(WORK TO COMPLETE) The whole listing, exactly as given: write it out, leaving out each image.
(PROVIDED DATA begins)
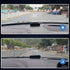 OBD2 HUD Head Up Display, Car HUD Speedometer Display Windshield Projector Multifunction Gauge Alarm Fatigue Driving Reminder......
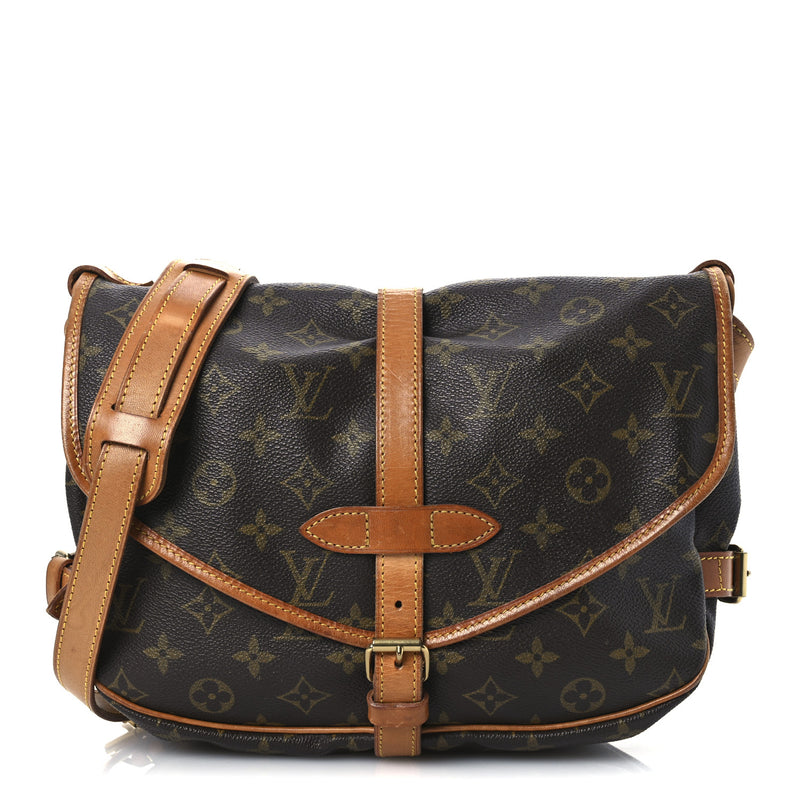 Louis Vuitton Saumur 30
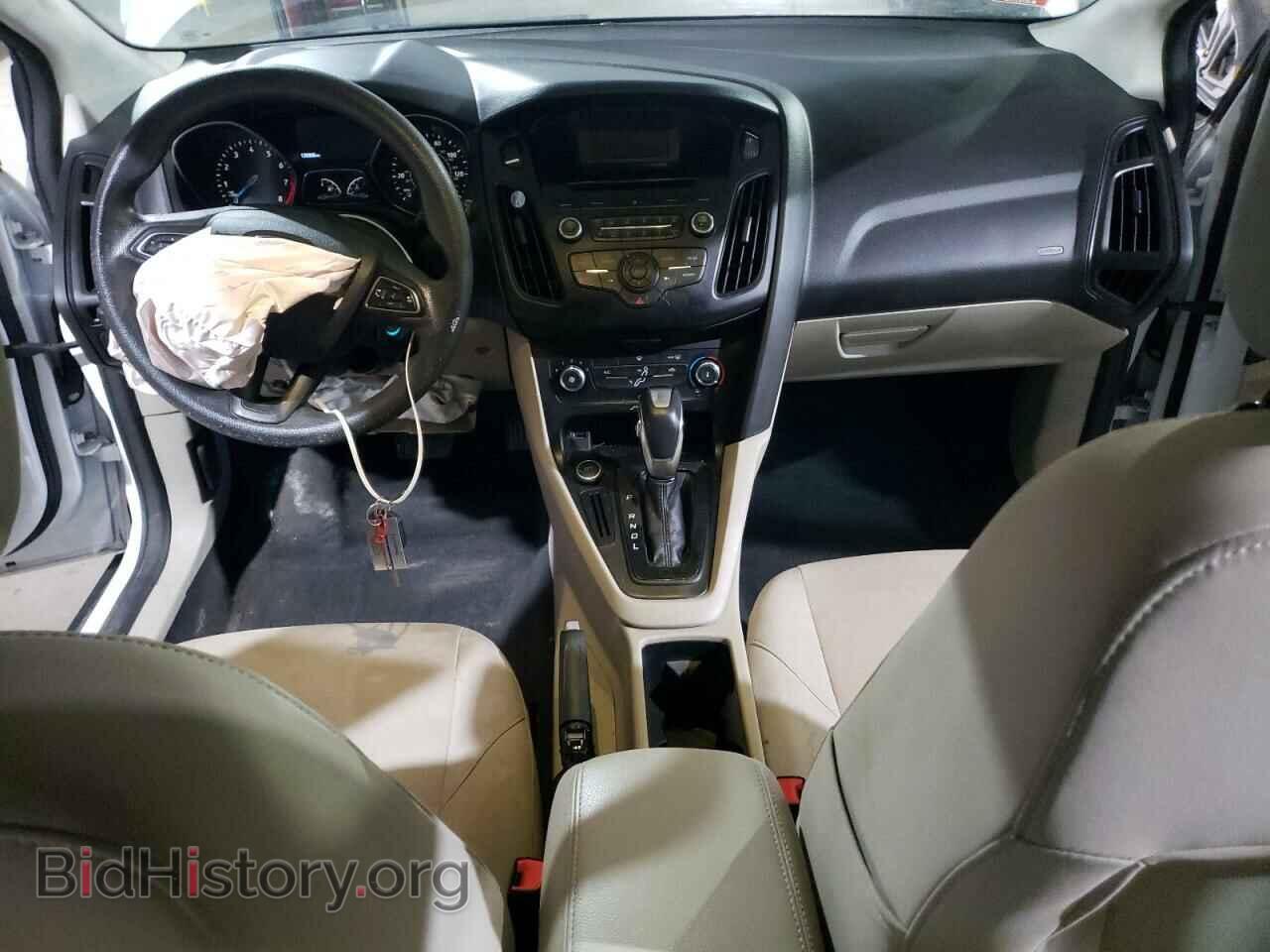 2016 FORD FOCUS - VIN: 1FADP3K27GL294539 - Photo 8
(PROVIDED DATA ends)
(TASK SOLUTION)
 OBD2 HUD Head Up Display, Car HUD Speedometer Display Windshield Projector Multifunction Gauge Alarm Fatigue Driving Reminder......
 Louis Vuitton Saumur 30
 2016 FORD FOCUS - VIN: 1FADP3K27GL294539 - Photo 8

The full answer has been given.